Okay, this is a tutorial on the muscles of the abdominal wall. I’m going to do this in two parts. The first part will be on the muscles of the anterior abdominal wall and the second part will cover the muscles of the posterior abdominal wall.
The muscles of the abdomen have several different functions. They protect the viscera, which are the soften organs contained in the abdominal cavity. They assist in breathing. In inspiration, the abdominal muscles relax and allow the thoracic cavity to expand downwards. And in expiration, these muscles can contract and push the viscera upwards. And also, contraction of these muscles is useful in coughing and throwing up.
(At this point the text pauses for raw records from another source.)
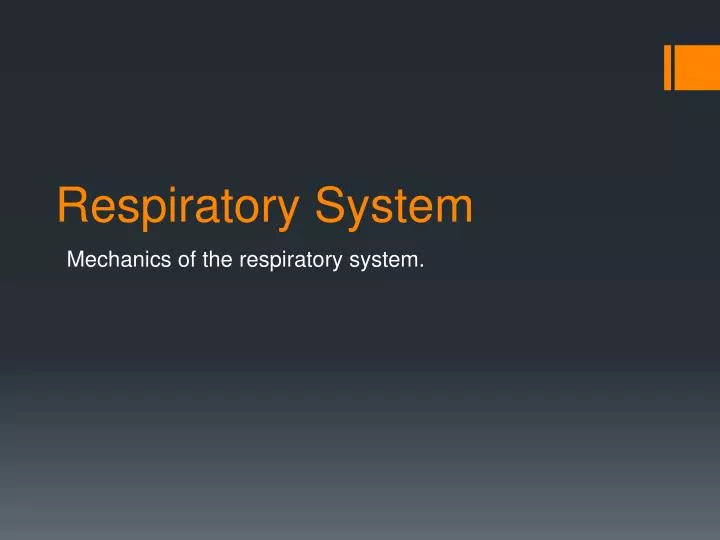 respiratory system mechanics essay Physioex 8 0 exercise 7 respiratory system mechanics physioex 8 0 exercise 7 respiratory system mechanics free essay: respiratory system mechanics. respiratory system mechanics essay Physioex 8 0 exercise 7 respiratory system mechanics physioex 8 0 exercise 7 respiratory system mechanics free essay: respiratory system mechanics.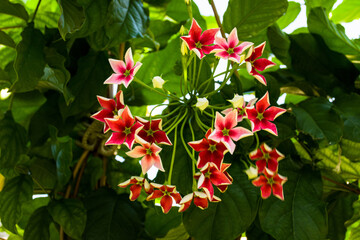 Flores vermelhas estrelares e harmônicas 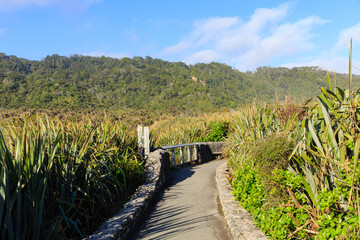 Walkway in summer of Punakaki Pancake Rocks in Paparoa National Park, West Coast, South Island of New Zealand.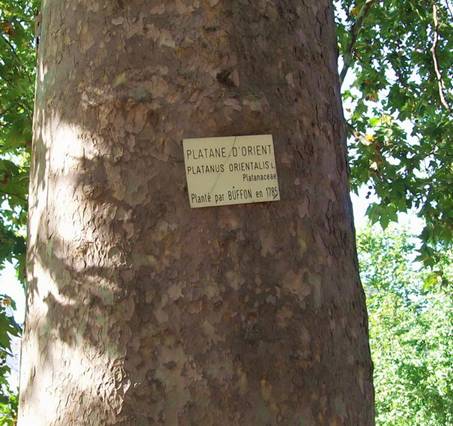100_1621.jpg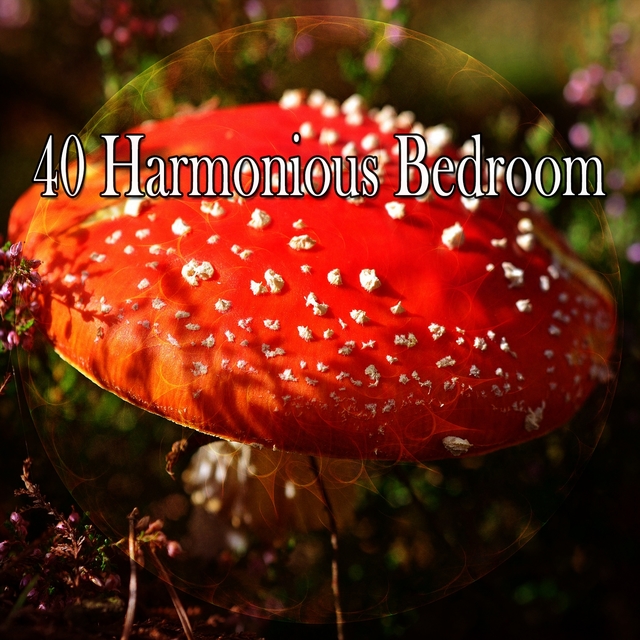 Couverture de 40 Harmonious Bedroom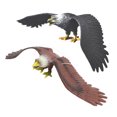 thumbnail image 4 of Shisuyan 2pcs Realistic Eagle Model Toys Simulation Eagle Figurines Bird Animal Model Balancing Eagle Toy, 4 of 9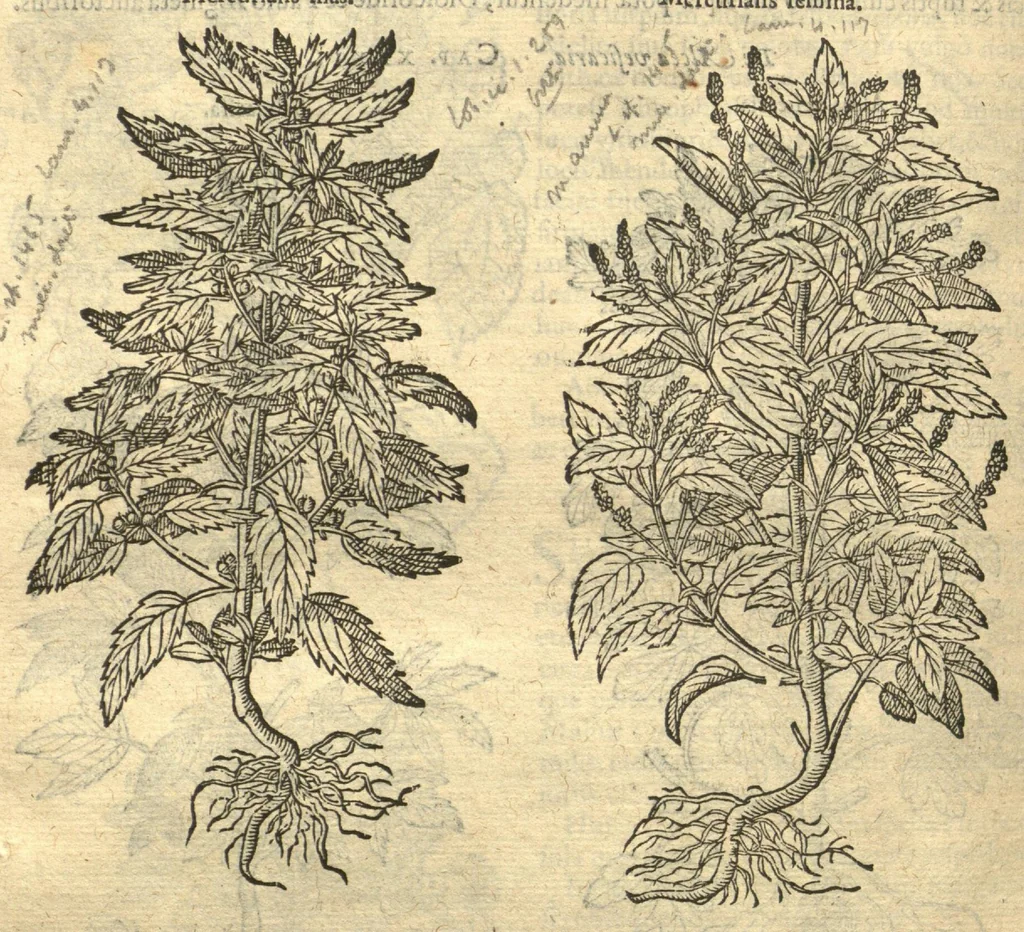 An illustration from Remberti Dodonaei ... Stirpium historiae pemptades sex, sive libri XXX. Varie ab auctore, paullo ante mortem, aucti & emendati., 1616, leaf 674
Another function is to assist in defecation, urination and giving birth. These are assisted by increasing the intra-abdominal pressure. The pressure inside the abdominal cavities increase by a contraction of these muscles and this can help force things out of the body like urine, feces and babies.
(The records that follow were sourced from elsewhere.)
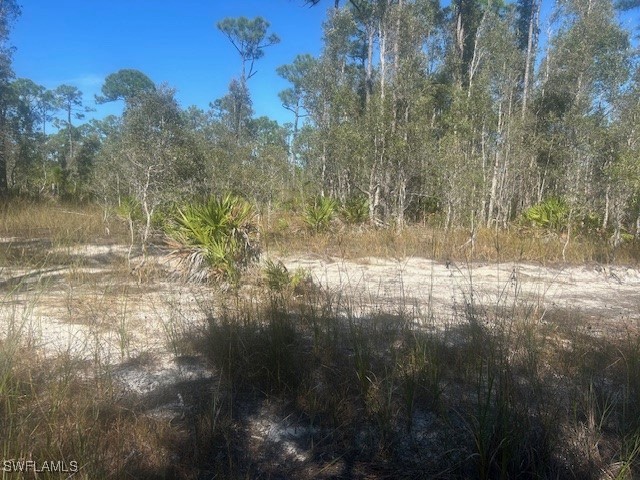 4 NE 1st Road Cape Coral FL 33993 225079013 image9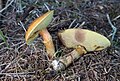 Suillus grevillei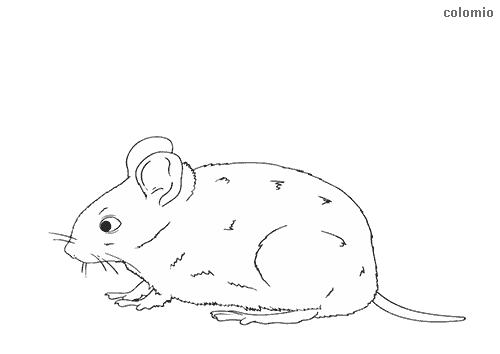 Mice coloring pages free printable mouse coloring sheets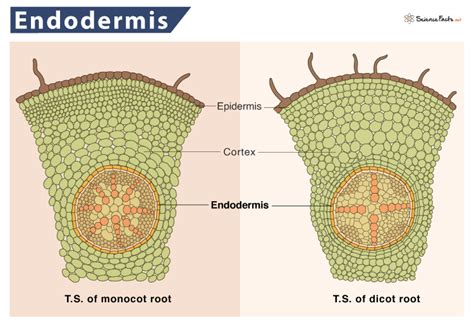 function of endodermis in plants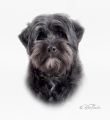 Greta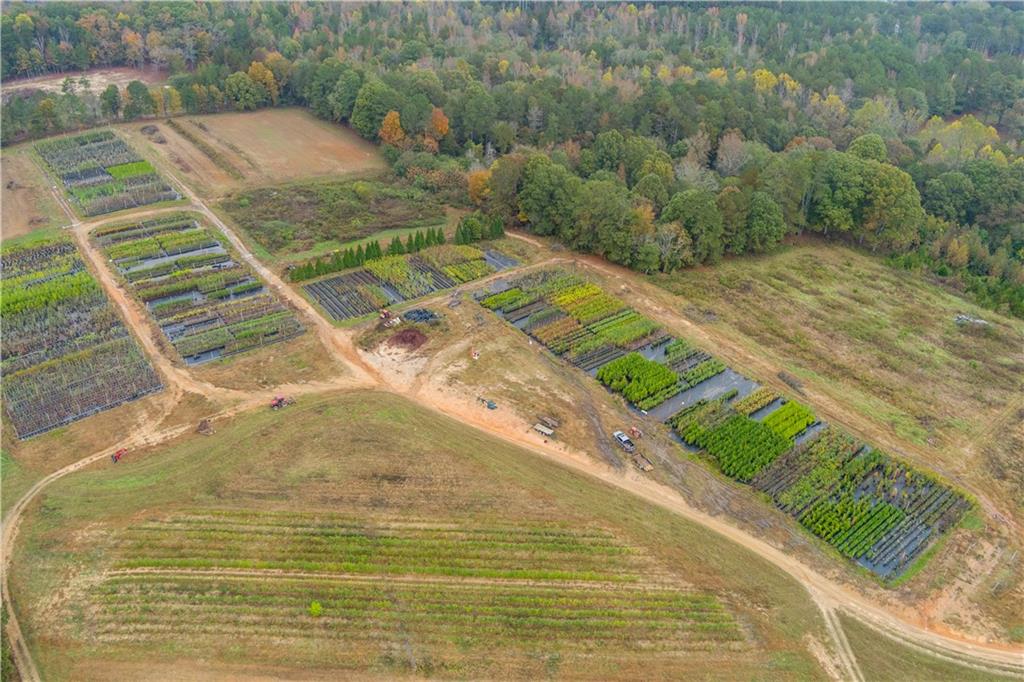 6039 Walker Bennett Road, Loganville, Georgia image 7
In the anterior abdominal wall, you’ve got five muscles. These are all innervated by the anterior rami of spinal nerves T7-L1. You’ve got the rectus abdominis, the pyramidalis, and the external oblique, internal oblique and transversus abdominis. I’ll just take you through these muscles now.
First, we’ve got this muscle here lying right in the midline. It’s a paired muscle, which are separated by this white line running down the middle. This white line is called the linea alba and this literally means ‘white line’ in Latin. This linea alba is formed by the aponeurosis of the various abdominal muscles. the lateral three muscles (which I’ll come on to talk about), the external and internal obliques and the transversus abdominis form this flat tendinous sheath called aponeurosis which join together in the midline forming this linea alba. This separates the two sides of the rectus abdominis muscle.
I’ve just isolated the muscle and we’ll take a look at the origin and the insertion. The rectus abdominis muscle originates on the pubic symphysis and pubic tubercle. Superiorly, it inserts along the costal margin (so the costal cartilages) and also on the xiphoid process. You can see the xiphoid process here.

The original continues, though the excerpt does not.